Pour donner une image — les finales de la Coupe Stanley battent leur plein, après tout —, le gouvernement tricote et tricote avec la rondelle, mais il ne prend aucune initiative et n’exerce aucun leadership, et ce sont les Canadiens qui en paient le prix.

Si les données du Conference Board sont exactes et que l’écart fiscal pourrait atteindre 48 milliards de dollars, imaginez ce que cela signifierait pour le Canada. Il n’y aurait plus de déficits. Le Canada aurait la possibilité de baisser les impôts et de financer d’autres programmes même si on ne percevait que la moitié de la somme. Le pays serait dans une bien meilleure situation.

(1500)

Rien ne m’agace plus que d’entendre des gens se plaindre d’avoir à payer de l’impôt. Pourtant, nous en comprenons tous l’utilité pour l’ensemble de la population. Nous avons un excellent système de soins de santé. On s’en plaint un peu, mais quel pays dans le monde ne nous l’envierait pas? Nous avons un système d’éducation et des infrastructures. Comparativement au reste du monde, nos problèmes sont mineurs. Or, le maintien de cette harmonie sociale coûte cher. Le maintien des infrastructures coûte cher.

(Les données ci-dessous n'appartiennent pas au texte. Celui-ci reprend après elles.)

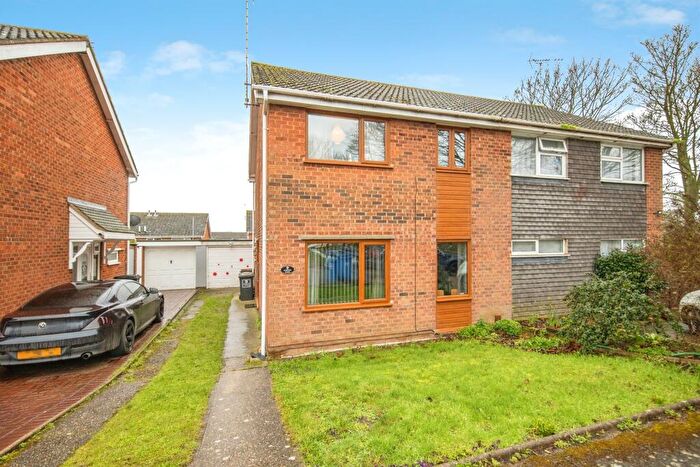 3 Bedroom Semi Detached House For Sale In Sawston Close, Ipswich, IP2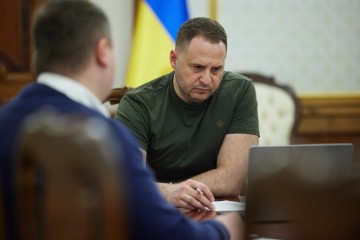 Андрій Єрмак провів зустріч з представниками культури та спорту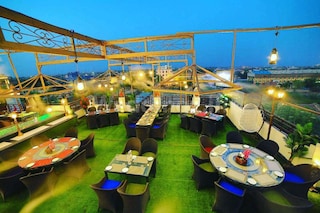 SkyBytes Rooftop Restaurant | Terrace Banquets & Party Halls in Bikaner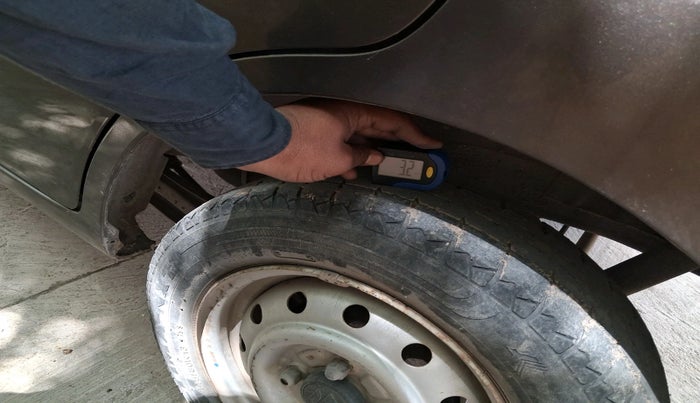 2012 Maruti Wagon R 1.0 LXI, Petrol, Manual, 42,291 km, tyre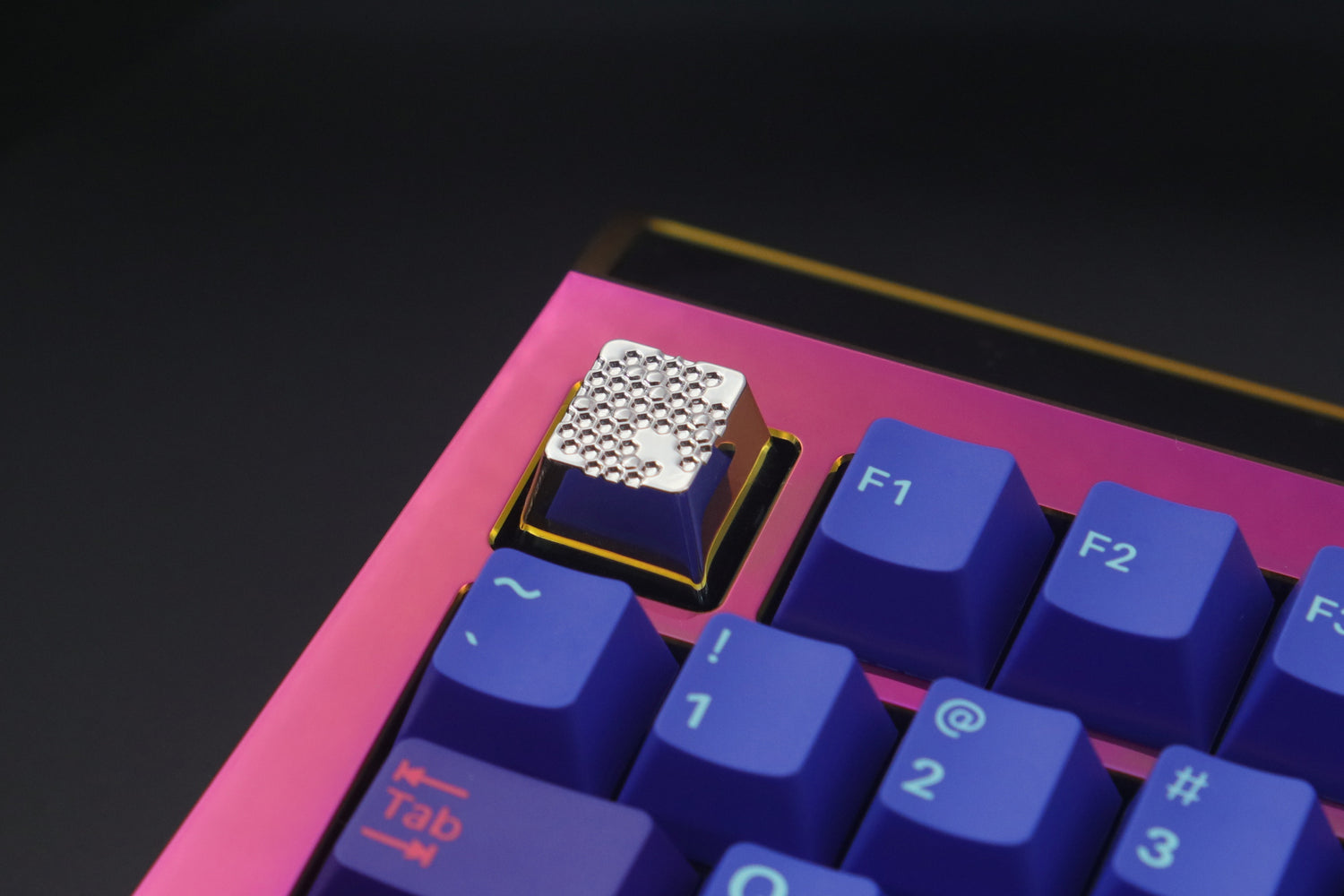 Prism honeycomb geometric art illusion silver plated zinc aluminum alloy metal personalized keycaps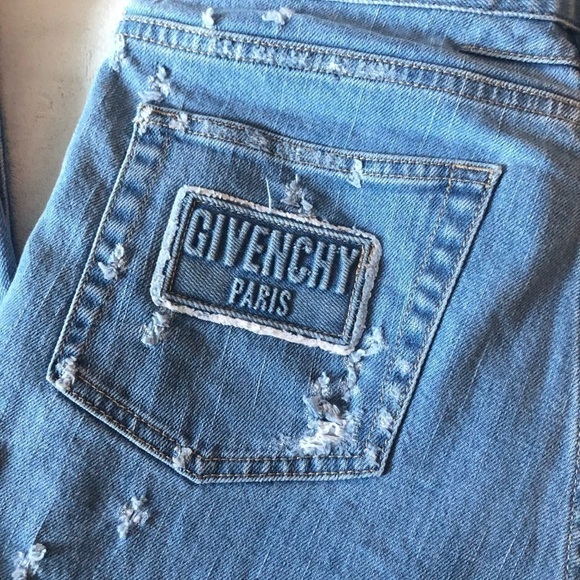 ✨ host Pick ✨ Auth.Givenchy Paris distressed jeans - Picture 3 of 8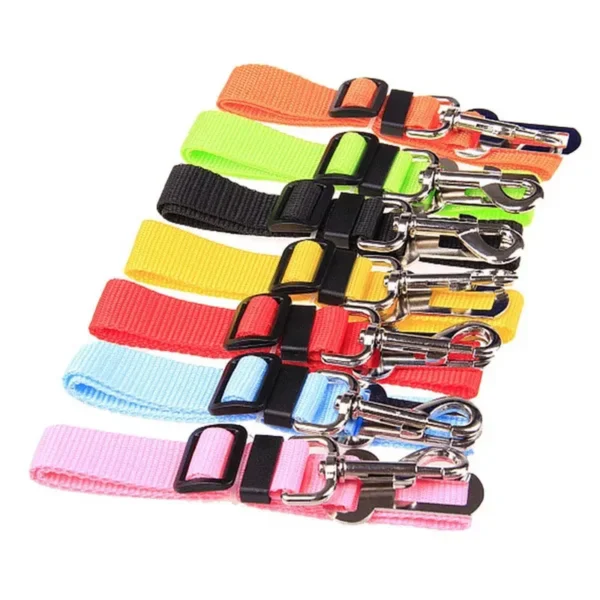 1Pcs/ Pet Dog Cat Car Seat Belt SafetyDog Accessories Nastavitelný postroj Vodítko Vodítko Malé Střední Cestovní Klip Štěně Obojky Vodítko Pet Supplies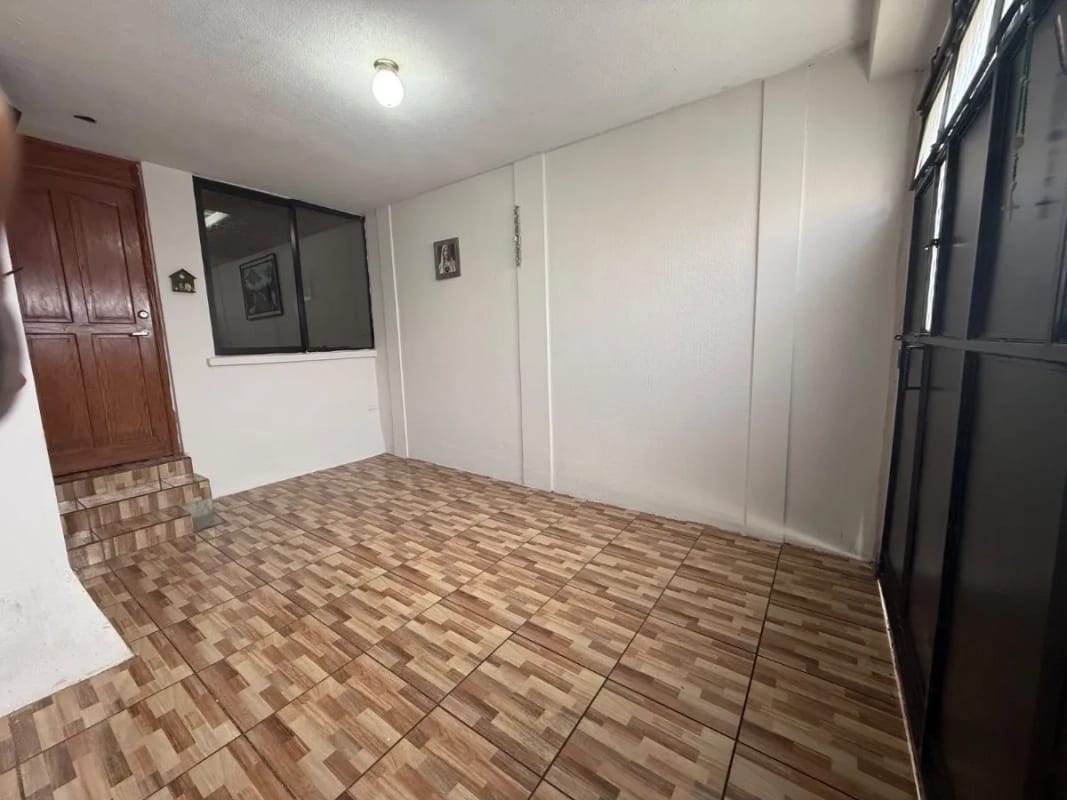 Casa en Venta Jardines de Minerva 1 Zona 11 Mixco — Casa en Venta en Zona 11 Mixco, Guatemala, Ciudad — foto 7 de 15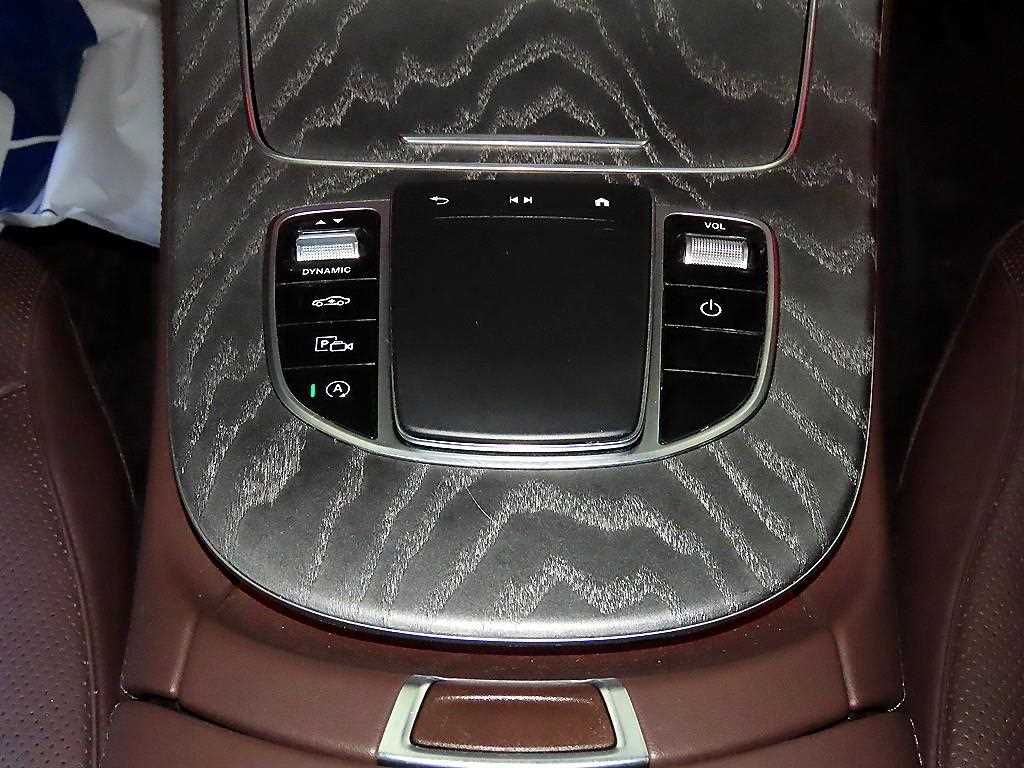 Mercedes-Benz CLS-Class — photo 13
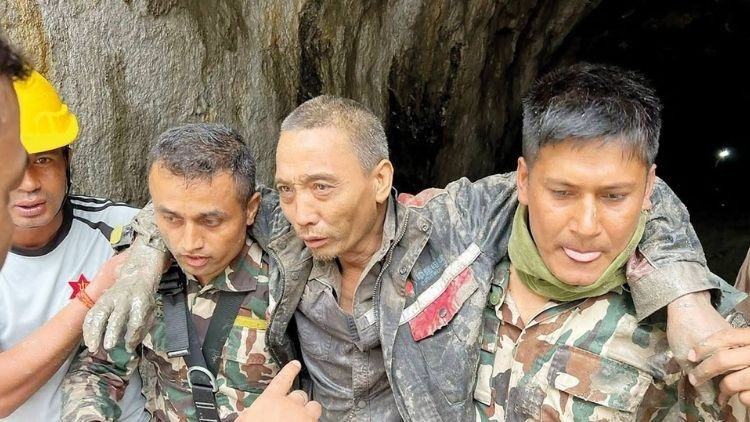 Nepal Sınırındaki Selde 10 Gün Sonra Bir Mucize: Tünelde Mahsur Kalan Çinli Sağ Kurtarıldı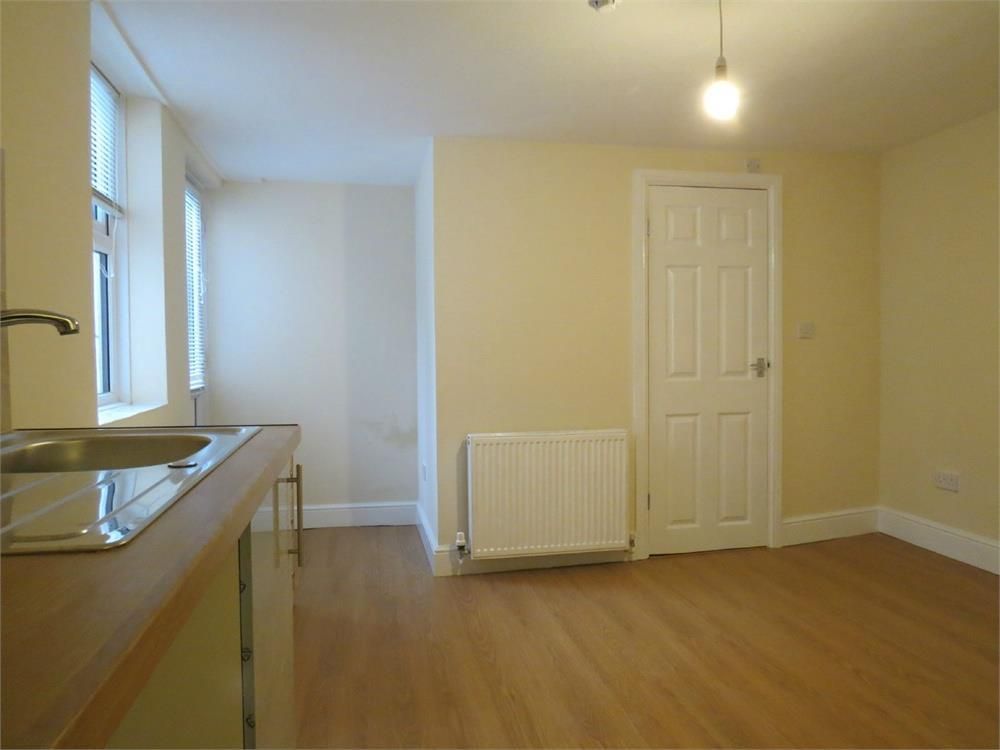 Property photo 2 of 6 Living Area.Jpg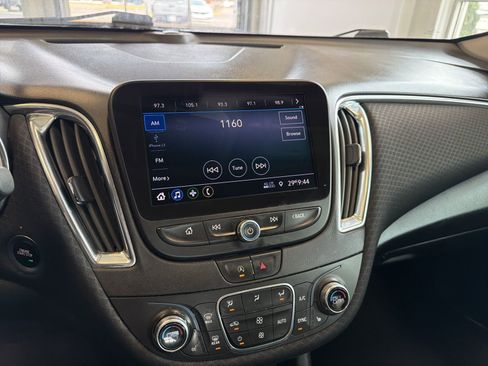 Used 2020 Chevrolet Malibu LT image 24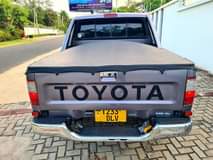 A picture of TOYOTA HULUX BEI MILIONI 39
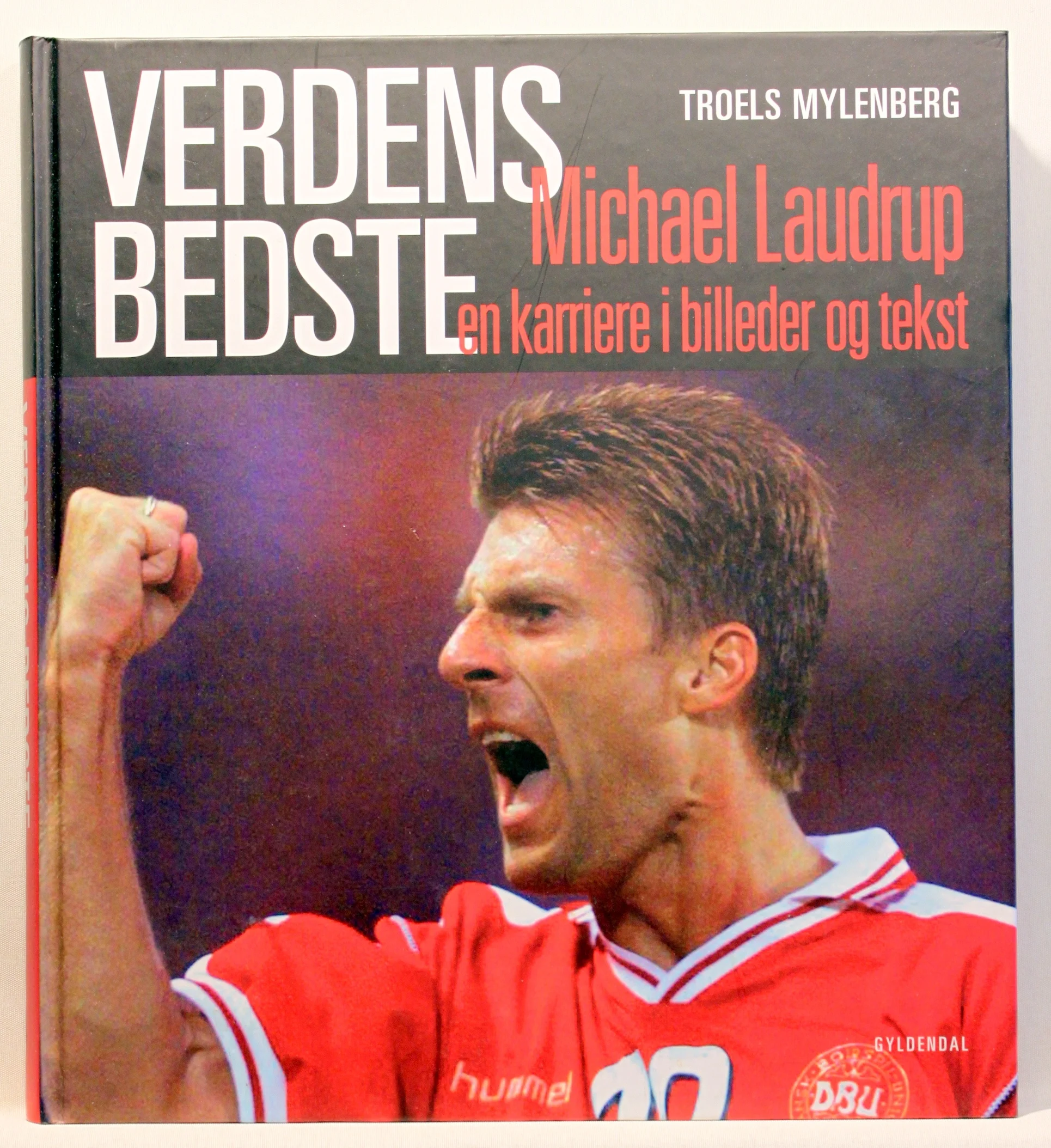 Verdens bedste Michael Laudrup. En karriere i billeder og tekst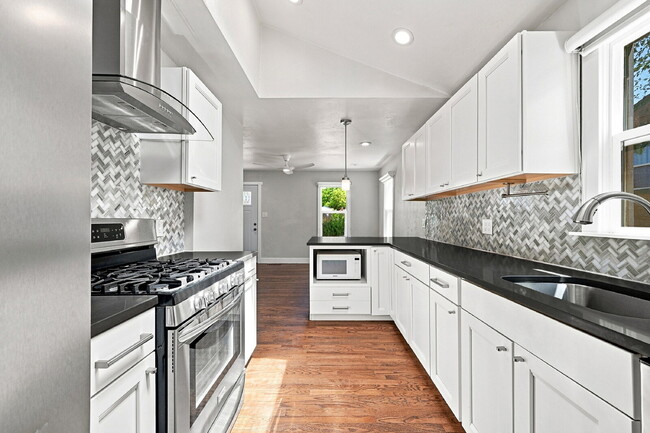 Building Photo - $2,440.95 with $300 off the first month's rent, 2 Beds - 1 Bath, Single Family Home in Denver wit...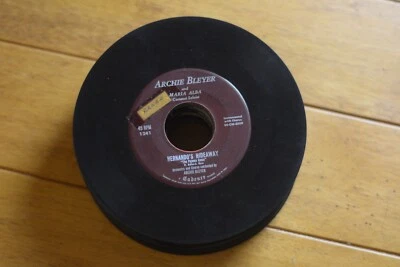 ARCHIE BLEYER "HERNANDO'S HIDEAWAY" 45 RPM 7" SINGLE G+ RECORD [D31-25] Foto 1 de 4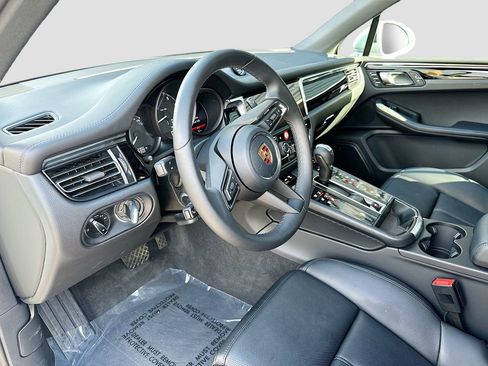 Certified 2026 Porsche Macan AWD/4WD image 4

En ce qui concerne les personnes qui évitent de payer de l’impôt au Canada, je pose toujours la question : si une de ces personnes ou, encore, un membre de sa famille tombe malade, pensez-vous qu’elle va opter pour les soins au Panama ou dans les Bahamas ou rentrer au Canada pour se prévaloir de notre système de soins de santé? Cependant, elle ne veut pas payer l’impôt nécessaire pour le maintenir. Où est la justice dans cette façon d’agir?

Le sénateur Joyal a de nouveau soulevé la question des pertes de revenus. Nous ne savons pas qui possède ces sociétés, qui sont les investisseurs derrière elles. Chose certaine, ces personnes ne reculent devant rien pour éviter de payer de l’impôt, comme d’autres entreprises et personnes l’ont fait avant elles. Qui plus est, l’Agence du revenu du Canada et les responsables de l’application de la loi du pays n’ont pas les outils nécessaires pour poursuivre ces personnes, puisqu’ils ne savent pas qui elles sont. Qu’en coûterait-il au Canada?

Le deuxième point, tout aussi valable, est qu’on veut écarter les criminels de la distribution de la marijuana. Or, on ne sait pas vraiment s’ils sont impliqués dans la distribution.

En fait, cet amendement serait aussi excellent pour un large éventail d’autres secteurs de l’économie canadienne. Cependant, comme nous sommes saisis de ce projet de loi aujourd’hui, je pense que l’amendement est conforme à son objectif, soit la transparence et l’ouverture. Qu’on fasse la lumière sur ces gens des îles Caïmans et d’autres paradis fiscaux, lorsqu’il n’existe aucun autre renseignement à leur sujet.

Lorsque j’ai pris connaissance de la liste il y a quelques mois, j’ai été frappé par les noms des pays d’où viennent ces gens. Il s’agit d’une grande brochette de paradis fiscaux. Tout cela est fort suspect, mais, encore une fois, nous n’avons aucune preuve. Cet amendement nous aidera à découvrir ce qui se passe vraiment. Ces gens sont peut-être innocents, comme ils ne le sont peut-être pas. À nous de le découvrir.